Think of it as a redefining of what it means to be an immigrant in the U.S., and by extension what it means to be Latino in the U.S.

[pullquote]The people who have the ear of political appointees in charge of immigration policy have been blatantly anti-immigrant for many years.[/pullquote]

First, let’s connect the Latino dots.

There are roughly 55 million Latinos in the U.S. Of those, about 20 million are immigrants, 11 million of them undocumented. Of the remaining 35 million U.S.-born Latinos, many live in mixed-status homes, meaning that at least one of their parents is an immigrant. That’s a big chunk of the U.S. Latino population that’s touched directly by immigration. It’s a big chunk of the U.S. population that is being defined, classified, and associated with immigrant America.

Sessions took a hard line against criminal immigrants and he did so by announcing the reclassification of repeat immigration offenders as felons – reverse engineering the crime to fit the rhetoric. What was once a misdemeanor civil infraction will now be a felony.

City Lab cut to the chase:

“The M.O. here is a familiar one: create a system that categorizes whole groups of people as hardened criminals to justify punishing them disproportionately and denying them rights. It’s a system based on a fundamentally flawed—and frankly, racist—generalization that certain immigrants are overwhelmingly a threat to public safety.”

It shouldn’t come as a surprise when you dig beneath the rhetoric.

Photo courtesy of Media matters, Southern Poverty Law Center

CNN connected the ideological dots in a report that shines a light on two recent immigration agency hires:

“Two hard-line opponents of illegal immigration have obtained high-level advisory jobs at federal immigration agencies in the Department of Homeland Security.

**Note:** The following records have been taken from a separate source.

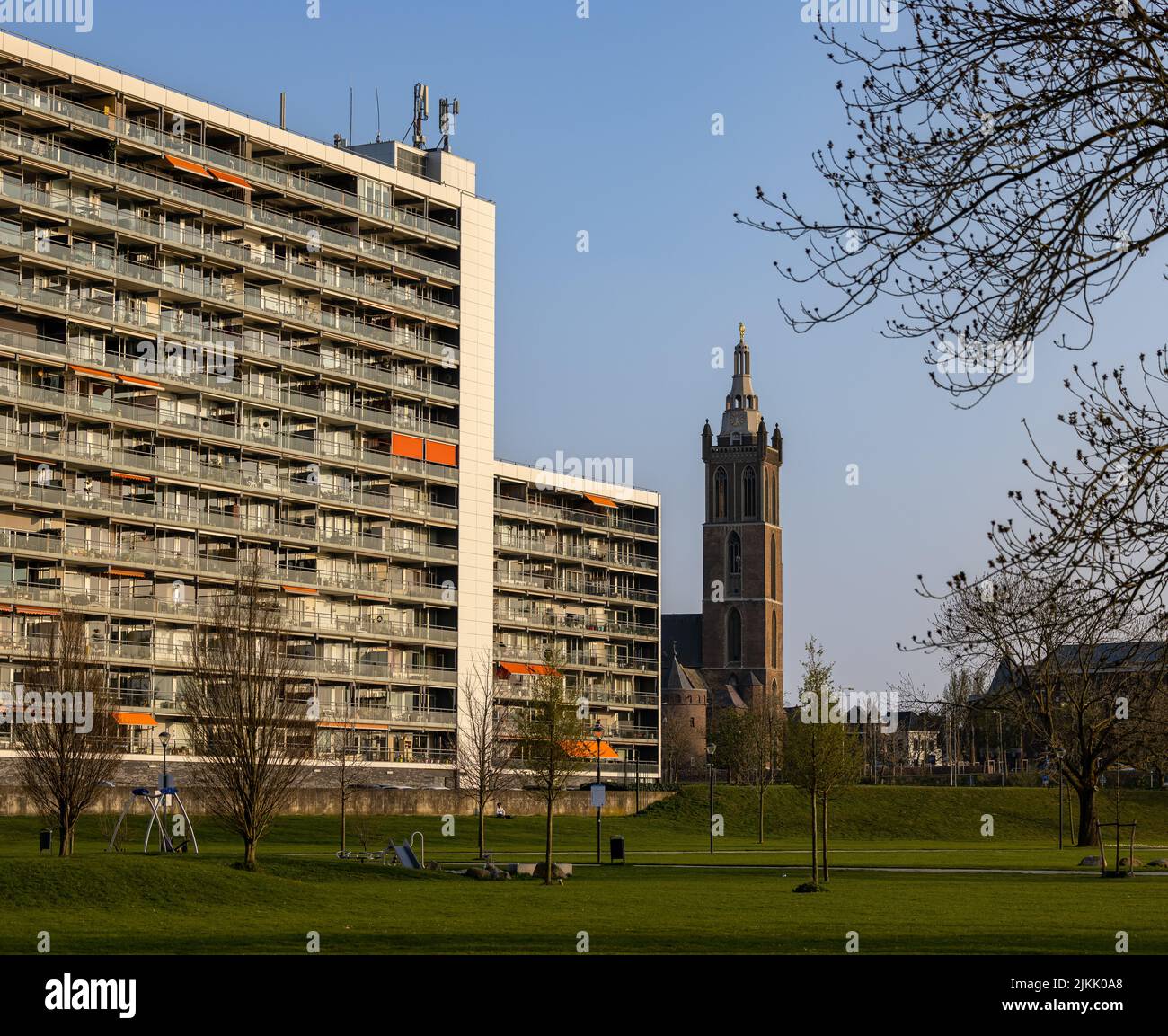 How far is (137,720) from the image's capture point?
7450 centimetres

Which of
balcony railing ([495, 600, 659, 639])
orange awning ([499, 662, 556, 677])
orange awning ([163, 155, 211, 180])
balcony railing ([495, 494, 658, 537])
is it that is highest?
orange awning ([163, 155, 211, 180])

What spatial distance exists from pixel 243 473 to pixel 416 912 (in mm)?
55643

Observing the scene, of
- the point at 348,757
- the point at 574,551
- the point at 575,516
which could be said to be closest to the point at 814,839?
the point at 348,757

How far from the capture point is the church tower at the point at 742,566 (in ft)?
616

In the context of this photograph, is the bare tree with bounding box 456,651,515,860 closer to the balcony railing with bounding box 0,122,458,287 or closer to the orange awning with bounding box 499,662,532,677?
the orange awning with bounding box 499,662,532,677

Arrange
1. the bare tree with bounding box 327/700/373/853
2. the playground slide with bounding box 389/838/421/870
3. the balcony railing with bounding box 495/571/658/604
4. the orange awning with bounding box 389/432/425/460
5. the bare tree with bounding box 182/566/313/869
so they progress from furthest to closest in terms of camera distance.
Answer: the balcony railing with bounding box 495/571/658/604
the orange awning with bounding box 389/432/425/460
the bare tree with bounding box 327/700/373/853
the playground slide with bounding box 389/838/421/870
the bare tree with bounding box 182/566/313/869

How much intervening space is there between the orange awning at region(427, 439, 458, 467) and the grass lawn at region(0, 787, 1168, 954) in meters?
41.4

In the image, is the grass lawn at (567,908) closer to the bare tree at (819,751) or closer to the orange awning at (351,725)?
the bare tree at (819,751)

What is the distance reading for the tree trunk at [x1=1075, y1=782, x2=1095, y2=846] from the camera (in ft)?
213

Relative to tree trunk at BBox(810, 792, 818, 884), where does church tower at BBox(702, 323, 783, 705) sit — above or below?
above

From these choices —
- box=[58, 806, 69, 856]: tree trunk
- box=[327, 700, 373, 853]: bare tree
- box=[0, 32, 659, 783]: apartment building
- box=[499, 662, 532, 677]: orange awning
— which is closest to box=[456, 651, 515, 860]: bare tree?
box=[0, 32, 659, 783]: apartment building

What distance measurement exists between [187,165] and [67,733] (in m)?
42.2

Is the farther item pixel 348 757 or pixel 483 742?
pixel 348 757

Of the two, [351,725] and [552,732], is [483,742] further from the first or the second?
[351,725] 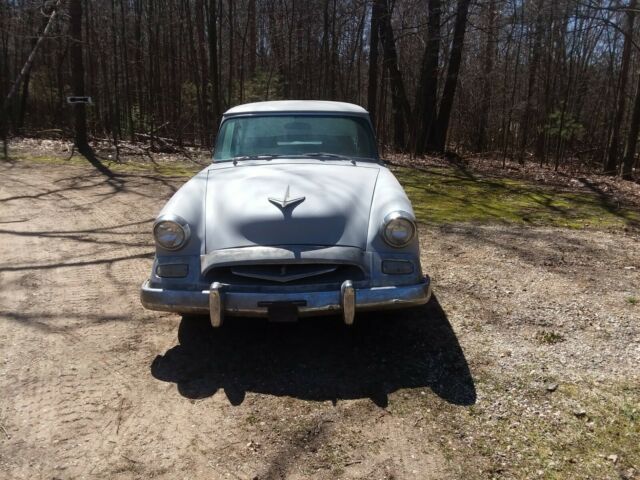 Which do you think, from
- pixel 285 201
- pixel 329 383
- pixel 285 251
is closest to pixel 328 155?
pixel 285 201

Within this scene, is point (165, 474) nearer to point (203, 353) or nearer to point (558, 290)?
point (203, 353)

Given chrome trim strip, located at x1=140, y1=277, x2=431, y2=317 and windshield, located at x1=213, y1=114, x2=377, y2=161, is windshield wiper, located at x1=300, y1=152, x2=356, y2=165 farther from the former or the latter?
chrome trim strip, located at x1=140, y1=277, x2=431, y2=317

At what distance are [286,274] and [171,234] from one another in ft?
2.71

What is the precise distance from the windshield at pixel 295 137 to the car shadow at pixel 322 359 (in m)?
1.66

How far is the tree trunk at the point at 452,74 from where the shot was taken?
14.9m

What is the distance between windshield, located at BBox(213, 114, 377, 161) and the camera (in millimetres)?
4867

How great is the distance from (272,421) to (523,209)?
21.8 ft

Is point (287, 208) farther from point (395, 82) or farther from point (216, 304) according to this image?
point (395, 82)

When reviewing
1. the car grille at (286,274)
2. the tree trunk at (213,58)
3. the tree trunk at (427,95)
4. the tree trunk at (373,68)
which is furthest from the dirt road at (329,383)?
the tree trunk at (427,95)

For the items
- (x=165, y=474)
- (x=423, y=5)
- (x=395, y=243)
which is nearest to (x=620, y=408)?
(x=395, y=243)

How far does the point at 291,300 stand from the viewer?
10.4 ft

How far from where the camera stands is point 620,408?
2.89 metres

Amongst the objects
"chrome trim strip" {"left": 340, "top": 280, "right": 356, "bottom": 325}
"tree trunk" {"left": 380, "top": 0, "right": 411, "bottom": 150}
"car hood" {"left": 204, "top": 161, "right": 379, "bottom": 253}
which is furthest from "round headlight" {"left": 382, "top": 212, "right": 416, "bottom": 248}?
"tree trunk" {"left": 380, "top": 0, "right": 411, "bottom": 150}

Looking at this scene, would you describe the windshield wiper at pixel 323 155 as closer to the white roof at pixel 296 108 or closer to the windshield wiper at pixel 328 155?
the windshield wiper at pixel 328 155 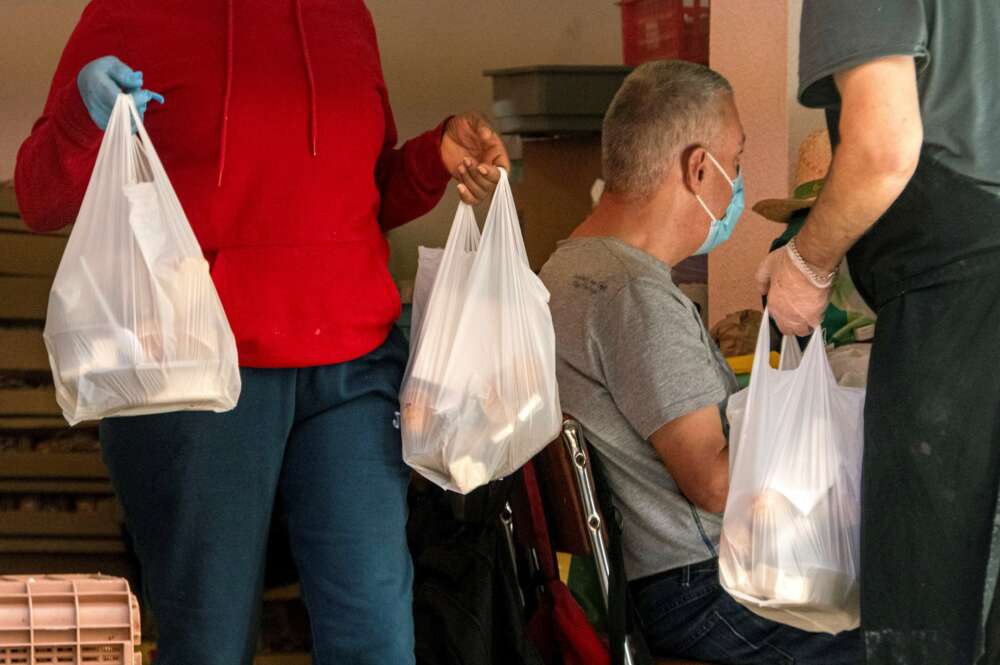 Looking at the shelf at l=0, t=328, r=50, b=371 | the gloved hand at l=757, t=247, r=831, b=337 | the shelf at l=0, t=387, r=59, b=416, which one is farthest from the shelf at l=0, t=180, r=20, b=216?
the gloved hand at l=757, t=247, r=831, b=337

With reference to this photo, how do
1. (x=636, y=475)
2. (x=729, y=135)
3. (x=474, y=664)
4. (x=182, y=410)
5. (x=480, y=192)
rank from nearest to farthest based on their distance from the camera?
(x=182, y=410) < (x=480, y=192) < (x=474, y=664) < (x=636, y=475) < (x=729, y=135)

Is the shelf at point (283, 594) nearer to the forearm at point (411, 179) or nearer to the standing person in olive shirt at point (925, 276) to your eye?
the forearm at point (411, 179)

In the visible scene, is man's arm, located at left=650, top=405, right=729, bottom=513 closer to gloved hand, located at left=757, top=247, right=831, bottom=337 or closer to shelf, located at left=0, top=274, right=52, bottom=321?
gloved hand, located at left=757, top=247, right=831, bottom=337

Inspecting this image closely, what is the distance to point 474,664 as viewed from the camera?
2.02 meters

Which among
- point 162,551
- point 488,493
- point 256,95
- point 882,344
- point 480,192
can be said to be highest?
point 256,95

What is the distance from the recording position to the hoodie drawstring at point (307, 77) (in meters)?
1.68

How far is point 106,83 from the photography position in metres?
1.53

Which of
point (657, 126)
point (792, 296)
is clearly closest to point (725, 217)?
point (657, 126)

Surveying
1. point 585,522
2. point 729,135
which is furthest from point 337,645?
point 729,135

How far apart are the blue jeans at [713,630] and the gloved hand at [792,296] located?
0.49 metres

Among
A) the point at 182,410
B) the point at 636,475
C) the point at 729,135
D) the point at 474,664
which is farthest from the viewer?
the point at 729,135

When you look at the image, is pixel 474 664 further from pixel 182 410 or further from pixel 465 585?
pixel 182 410

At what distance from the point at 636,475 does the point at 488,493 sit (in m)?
0.23

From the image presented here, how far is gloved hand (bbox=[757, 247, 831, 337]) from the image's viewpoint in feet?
5.68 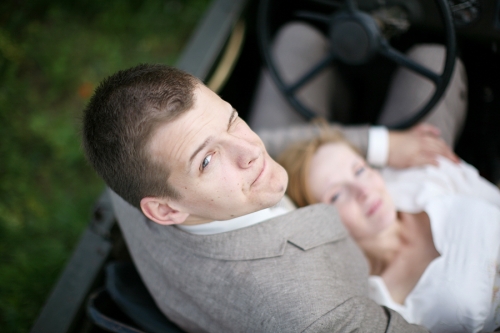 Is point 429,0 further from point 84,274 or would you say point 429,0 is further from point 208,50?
point 84,274

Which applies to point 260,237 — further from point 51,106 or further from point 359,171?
point 51,106

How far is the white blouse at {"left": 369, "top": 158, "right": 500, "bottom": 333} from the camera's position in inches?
40.5

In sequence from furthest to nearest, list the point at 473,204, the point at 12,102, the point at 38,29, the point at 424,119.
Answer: the point at 38,29 → the point at 12,102 → the point at 424,119 → the point at 473,204

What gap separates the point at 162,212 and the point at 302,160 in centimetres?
66

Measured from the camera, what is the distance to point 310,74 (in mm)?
1517

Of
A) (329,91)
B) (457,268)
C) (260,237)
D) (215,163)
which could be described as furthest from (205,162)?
(329,91)

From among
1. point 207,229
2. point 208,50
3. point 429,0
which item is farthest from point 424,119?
point 207,229

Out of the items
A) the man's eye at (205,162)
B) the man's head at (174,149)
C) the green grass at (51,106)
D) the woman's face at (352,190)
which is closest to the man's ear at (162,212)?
the man's head at (174,149)

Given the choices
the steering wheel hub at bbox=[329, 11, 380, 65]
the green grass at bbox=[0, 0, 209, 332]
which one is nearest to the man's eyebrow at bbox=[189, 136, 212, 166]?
the steering wheel hub at bbox=[329, 11, 380, 65]

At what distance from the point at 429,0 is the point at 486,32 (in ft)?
0.68

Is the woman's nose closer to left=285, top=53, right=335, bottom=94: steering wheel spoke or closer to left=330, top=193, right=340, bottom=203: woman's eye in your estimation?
left=330, top=193, right=340, bottom=203: woman's eye

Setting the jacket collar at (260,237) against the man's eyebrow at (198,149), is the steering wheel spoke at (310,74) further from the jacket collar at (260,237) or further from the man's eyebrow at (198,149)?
the man's eyebrow at (198,149)

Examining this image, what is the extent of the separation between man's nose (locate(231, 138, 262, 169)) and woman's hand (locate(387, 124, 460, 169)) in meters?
0.75

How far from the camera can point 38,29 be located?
2.52m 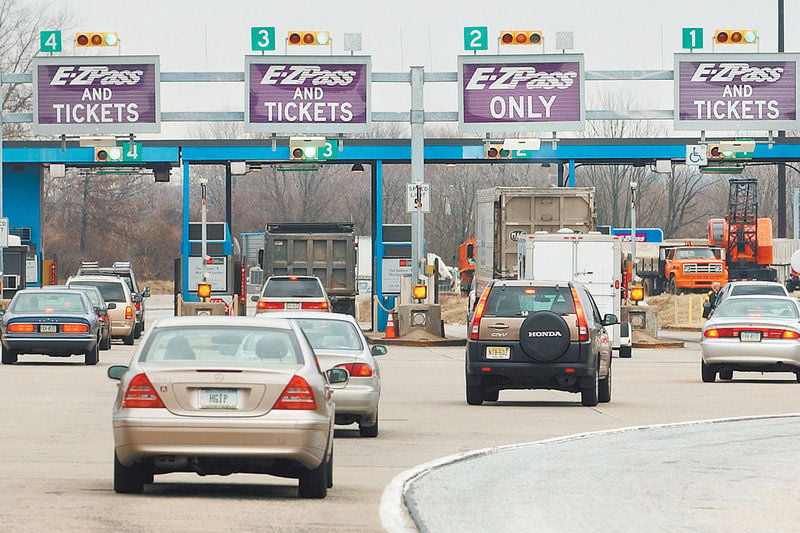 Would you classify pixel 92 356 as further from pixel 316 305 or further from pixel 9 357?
pixel 316 305

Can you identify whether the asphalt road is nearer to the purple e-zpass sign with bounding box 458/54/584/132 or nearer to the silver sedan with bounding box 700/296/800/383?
the silver sedan with bounding box 700/296/800/383

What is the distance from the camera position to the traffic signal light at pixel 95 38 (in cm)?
4212

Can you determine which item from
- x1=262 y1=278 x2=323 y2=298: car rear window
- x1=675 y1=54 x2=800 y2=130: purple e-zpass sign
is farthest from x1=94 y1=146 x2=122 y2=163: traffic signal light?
x1=675 y1=54 x2=800 y2=130: purple e-zpass sign

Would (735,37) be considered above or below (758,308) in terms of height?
above

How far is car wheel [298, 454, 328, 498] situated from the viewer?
1241 centimetres

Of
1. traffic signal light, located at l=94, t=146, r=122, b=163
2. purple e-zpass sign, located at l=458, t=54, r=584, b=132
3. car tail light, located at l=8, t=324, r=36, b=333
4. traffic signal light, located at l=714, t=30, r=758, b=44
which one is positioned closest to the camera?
car tail light, located at l=8, t=324, r=36, b=333

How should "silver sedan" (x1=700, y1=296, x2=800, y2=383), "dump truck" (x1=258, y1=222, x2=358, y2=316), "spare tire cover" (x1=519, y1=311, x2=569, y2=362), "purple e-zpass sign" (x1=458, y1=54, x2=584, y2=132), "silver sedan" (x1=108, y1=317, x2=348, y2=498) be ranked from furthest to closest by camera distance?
"dump truck" (x1=258, y1=222, x2=358, y2=316)
"purple e-zpass sign" (x1=458, y1=54, x2=584, y2=132)
"silver sedan" (x1=700, y1=296, x2=800, y2=383)
"spare tire cover" (x1=519, y1=311, x2=569, y2=362)
"silver sedan" (x1=108, y1=317, x2=348, y2=498)

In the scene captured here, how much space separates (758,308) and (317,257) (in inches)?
827

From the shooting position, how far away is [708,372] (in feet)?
95.5

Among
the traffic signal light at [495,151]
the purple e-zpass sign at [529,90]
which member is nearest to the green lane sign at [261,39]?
the purple e-zpass sign at [529,90]

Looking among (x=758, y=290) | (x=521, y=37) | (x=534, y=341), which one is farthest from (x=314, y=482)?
(x=521, y=37)

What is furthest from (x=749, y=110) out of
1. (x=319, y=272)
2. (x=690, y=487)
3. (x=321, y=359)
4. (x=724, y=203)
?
(x=724, y=203)

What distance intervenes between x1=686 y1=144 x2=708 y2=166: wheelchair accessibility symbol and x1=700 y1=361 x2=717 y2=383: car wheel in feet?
59.0

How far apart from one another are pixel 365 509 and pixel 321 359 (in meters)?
6.27
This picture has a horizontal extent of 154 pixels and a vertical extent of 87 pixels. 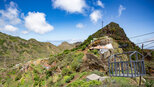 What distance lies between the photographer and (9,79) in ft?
68.6

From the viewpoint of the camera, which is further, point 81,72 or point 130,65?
point 81,72

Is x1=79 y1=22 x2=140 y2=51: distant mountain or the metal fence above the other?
x1=79 y1=22 x2=140 y2=51: distant mountain

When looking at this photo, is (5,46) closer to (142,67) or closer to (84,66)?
(84,66)

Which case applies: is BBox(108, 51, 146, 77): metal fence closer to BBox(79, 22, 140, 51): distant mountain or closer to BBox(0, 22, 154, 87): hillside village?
BBox(0, 22, 154, 87): hillside village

Jon Feere, a former legal policy analyst for the Center for Immigration Studies, or CIS, has been hired as an adviser to Thomas D. Homan, the acting director of Immigration and Customs Enforcement, according to Homeland Security spokesman David Lapan.

“At Customs and Border Protection, Julie Kirchner, the former executive director of the Federation for American Immigration Reform, or FAIR, has been hired as an adviser to Customs and Border Protection acting Commissioner Kevin McAleenan.”

The people who have the ear of political appointees in charge of immigration policy have been blatantly anti-immigrant for many years.

And those immigration whisperers from FAIR and CIS have one thing in common:

Photo courtesy of Johntanton.org

“The two organizations were founded by John Tanton, a retired Michigan ophthalmologist who has openly embraced eugenics, the science of improving the genetic quality of the human population by encouraging selective breeding and at times, advocating for the sterilization of genetically undesirable groups.”

This is serious stuff, this new Trump era.